The Story: Rented a car at EWR, to visit my dear 95-year-old Mother. Despite my best efforts wound up transiting an unmanned toll plaza. Over a month later I noticed a credit card charge of $25 from the rental car company. As this seemed a little steep, I disputed the charge and won.
Note: I have disputed every unreasonable credit card toll charge and have never lost.
7. Document existing damage to the car and take photos/video of the car prior to leaving the rental car lot. This can be invaluable when returning the car and having to prove you did not cause the damage.
Note: Also immediately take a photo of your Rental Contract (in case you forget to take it out of the glove box when you return the car).
-The Story: Rented a car in Marrakesh and returned it in Rabat. When I returned it, the "agent" claimed the left front blinker was damaged. Fortunately, I had a photo showing the damage was pre-existing, otherwise, this could have been problematic (it didn't help that he didn't parle anglais and I didn't parler français ou arabe).
8. Take a photo of the gas gauge after returning the car (and when picking it up, if the tank is not full*).
The Story: Rented a U-Haul van to move all the worldly possessions of my dear 92-year-old Mother. Dropped the van off in Herndon, VA, and took a photo of the gas gauge. As it was after hours I slipped the keys and paperwork through the after-hours slot. A few weeks later I was charged $30 for not returning the van with the same amount of gas the van had when I rented it (@ 3/4 tank). Showed them the before and after photos and the charge was reversed.
Note: U-Haul seems to have issues reading gas gauges.
* U-Haul does not rent their vans with a full tank (and it's quite obvious why).
9. Rental Car Insurance: The collision/comprehensive coverage on your existing auto insurance will generally provide collision/comprehensive insurance for your rental car. And your liability insurance coverage will provide liability insurance for you when you drive your rental car. But what if you don't own a car? It may be worth it to get rental car liability insurance that specifically provides liability insurance in the U.S. I obtained some through USAA for $131.34 for six months.
Note: You should always carry a copy of your Auto ID Card on your phone (or in your wallet old-timer). Some rental car companies will force you to purchase liability insurance if you cannot prove you have auto insurance (this specifically happened to me in Puerto Rico).

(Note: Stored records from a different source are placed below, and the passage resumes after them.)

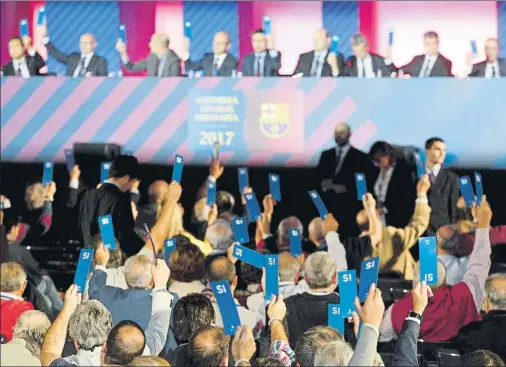  ?? FOTO: PEP MORATA ?? Imagen de la Asamblea del año pasado Mañana los socios compromisa­rios del Barça tienen una cita en el Palau Blaugrana antes del partido ante el Sevilla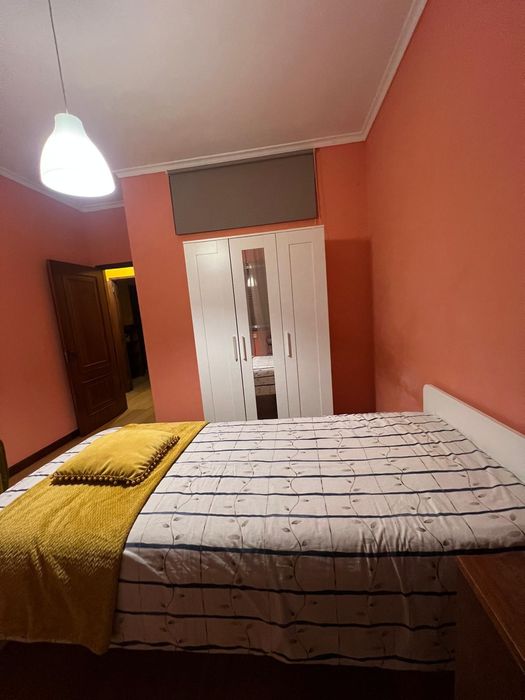 Quarto mobilado em apartamento T3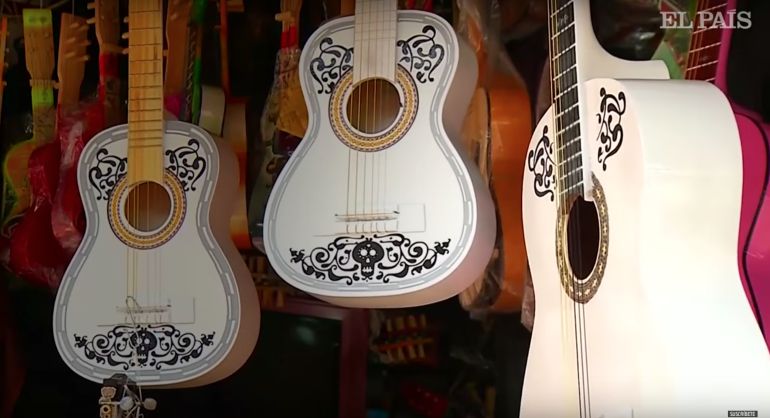 Coco, Paracho: En este pueblo de Michoacán se producen las guitarras con el  diseño de Coco | Sociedad | W Radio Mexico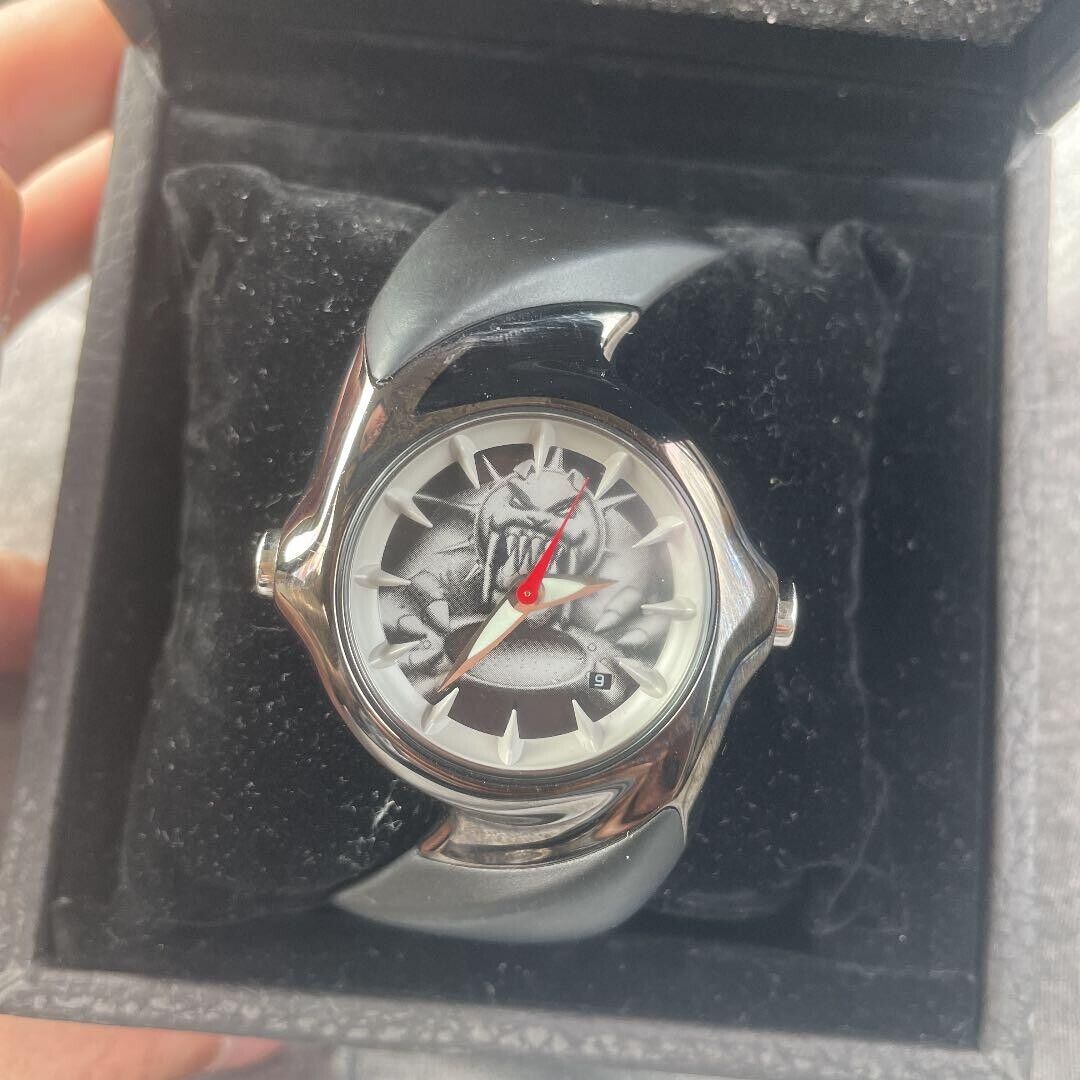 Oakley Crush 2.0 Ion Plated Silver Bulldog Wrist Watch Oakley Crush 2.0 Ion Plated Silver Bulldog Wrist Watch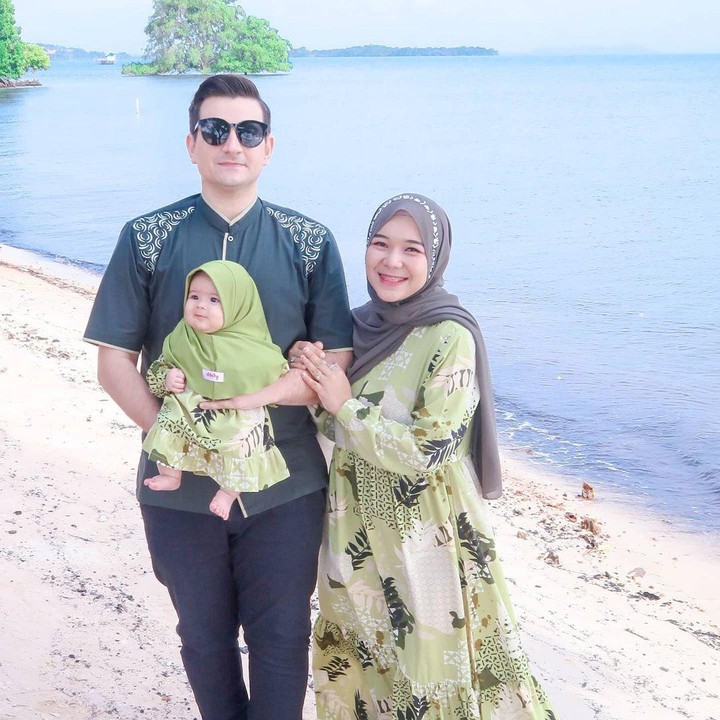 <p>Nah, ini adalah momen ketika Isti dan Musab berlibur ke pantai. Mereka turut membawa Aycil yang terlihat cantik dengan hijab outfit berwarna hijau. (Foto: Instagram: @istialqadri)</p>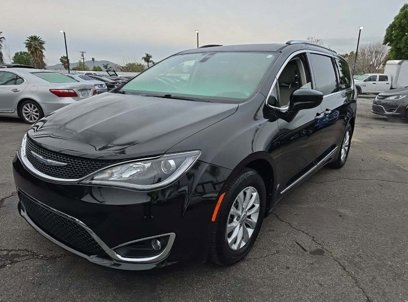 Used 2018 Chrysler Pacifica Touring-L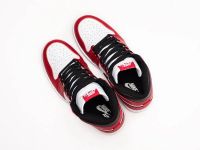Лот: 12684599. Фото: 3. Кроссовки Nike Air Jordan 1 High... Одежда, обувь, галантерея
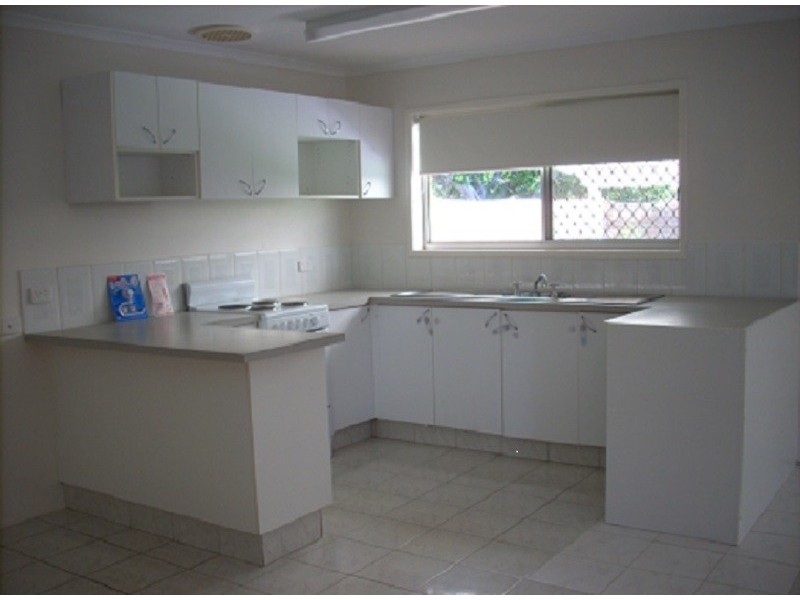7 Kambora Street, Warana QLD 4575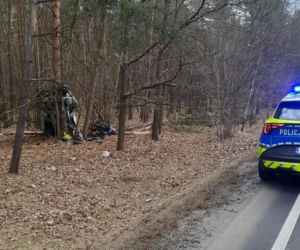 Tragiczny wypadek na DK 62 w powiecie węgrowskim. 19-letni kierowca uderzył w drzewo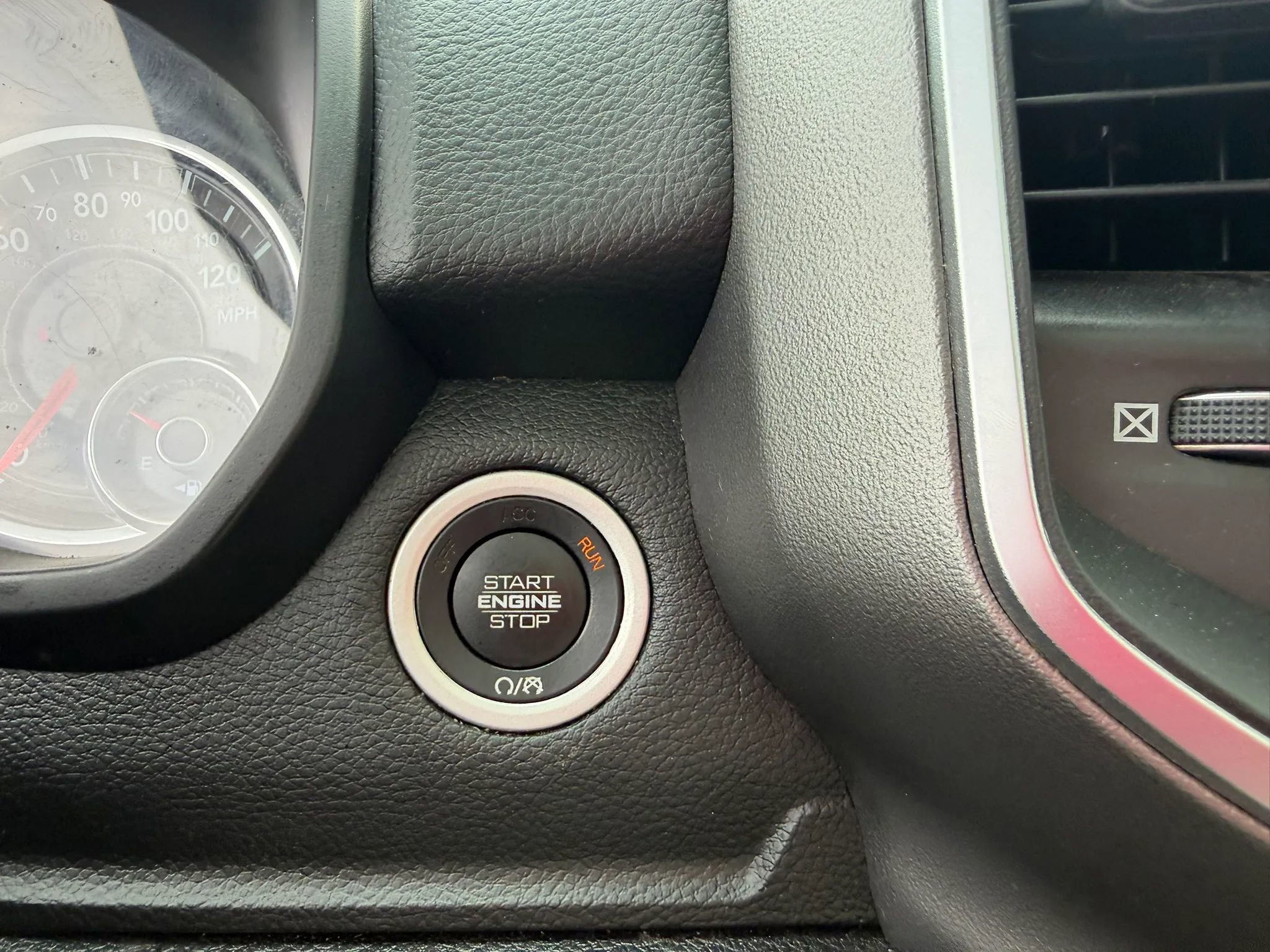 Used 2019 RAM 1500 Big Horn image 29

10. Compare the price you were quoted online vs. the Rental Contract you are being asked to sign at the rental car counter. Ensure you understand all additional charges (CDW, toll transponder, GPS, upgrades, etc.). If you need to dispute additional credit card charges, this is your golden ticket.
11. Compare the Rental Contract price vs. the amount your credit card is charged (which should be the same as the final invoice that is printed/emailed from the "gizmo" when you return the car). If there is a difference, investigate and try to understand why. If you do not completely agree with the final credit card amount then dispute the credit card charge. I have never lost a dispute.
-Don't waste too much time arguing with the rental return "agent", just dispute the credit card charge.
The Story: I returned a car at ORD 22 hours late and therefore was expecting to pay an additional $50. The "gizmo" was not functioning, so the "agent" informed me that the final invoice would be emailed to me over the next few days (it never was). Two weeks later my credit card was charged $422.72 more than the Rental Contact price. I disputed the entire additional $422.72, USAA (my credit card company) initially denied my claim. I disputed it again providing a copy of the rental car contract (which I had taken a photo of when picking up the car. See 7. above). Round two: Dispute settled in my favor for the entire $422.72.
Note: Next time I should probably get some sort of receipt documenting when I returned the car and that there were no issues.
12. Collision Damage Waiver (CDW): As Rick Danko would have said, "Don't do it". You are more than adequately covered via your auto insurance and credit card Auto Rental CDW.
-The "agent" at the rental counter may try and sell you on CDW, by implying/lying that your credit card Auto Rental CDW and auto insurance will not provide coverage.
Note: Many credit cards specifically do not provide Auto Rental CDW in Israel, Jamaica, the Republic of Ireland, or Northern Ireland. If you are renting a car in one of these countries, then review your card benefits and specifically get a document from your credit card issuer verifying coverage (USAA provided me with an email). You may need to show this documentation during pick-up, otherwise, you may be forced to purchase CDW.
Note: Overseas, liability insurance is usually included in the price of the rental car.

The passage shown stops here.